Donald Trump has been convicted of falsifying documents about payments to porn actress Stormy Daniels ahead of the 2016 US presidential election. However, the sentence has been delayed – partly due to appeals from Trump, partly due to legal uncertainties regarding what applies to an elected president.
Regardless of the outcome, today's sentencing is historic. Never before has an incoming American president been sentenced for a committed crime.
No Immunity
The prosecutors had previously stated that they were willing to agree to postpone the sentencing for four years, over the term of office that Trump will begin later in January. Trump's lawyers, on the other hand, had, with reference to presidential immunity, requested that the verdict be set aside and the case dismissed.
But Judge Juan Merchan shocked many when he announced over the weekend that the sentence would be handed down on January 10 – just ten days before Trump takes office. An incoming president is not immune, Merchan ruled.
The public expects that "everyone is equal before the law and that no one stands above it," it states in the 18-page verdict.
Sentence Mitigation
Merchan, however, signaled that Trump is unlikely to receive a sentence, according to American media reports. The court is instead expected to issue a so-called sentence mitigation, meaning that no punishment will be imposed.
As a result, he is not expected to receive imprisonment, fines, or a conditional sentence, writes news agency AP, but will still have a conviction on his criminal record.
Trump was declared guilty in May on 34 counts in the protracted case. According to the verdict, he ordered payments to individuals who possessed sensitive information about him before the 2016 election, so-called hush money, and then attempted to conceal it in his accounting.
Donald Trump was indicted in March 2023 on 34 counts of accounting fraud in New York. The trial began in April 2024 and the verdict was handed down at the end of May.
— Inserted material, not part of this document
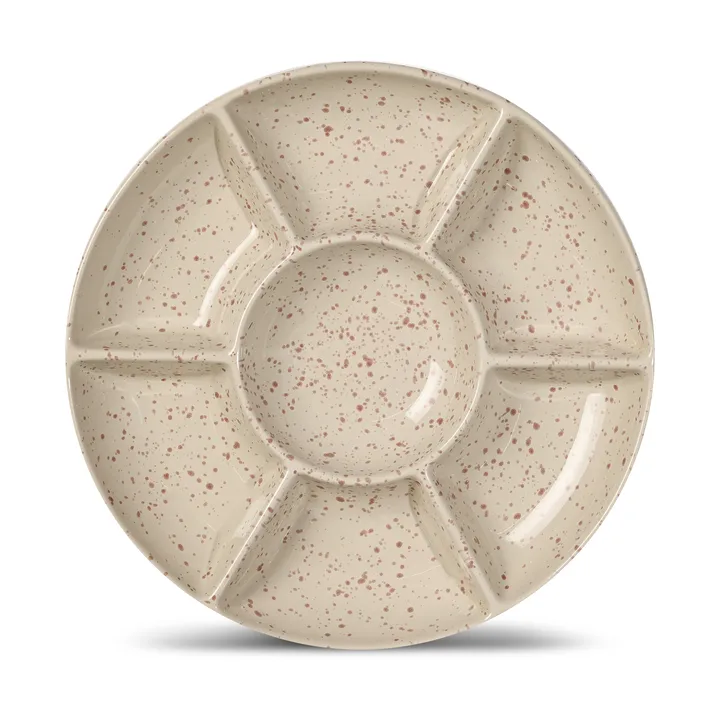 Ditte serving plate - Beige-burgundy - Sagaform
According to the verdict, Trump ordered payments to individuals who threatened to reveal sensitive information about him in connection with the 2016 presidential campaign. Among other things, he allegedly paid former porn actress Stephanie Clifford, known as Stormy Daniels, $130,000 not to reveal that she and Trump had a sexual relationship.
The payments were subsequently booked as legal expenses, which constitutes accounting fraud.
Trump denies the crime, has called the indictment "political persecution," and has in various ways tried to get the trial, verdict, and sentence postponed or dismissed.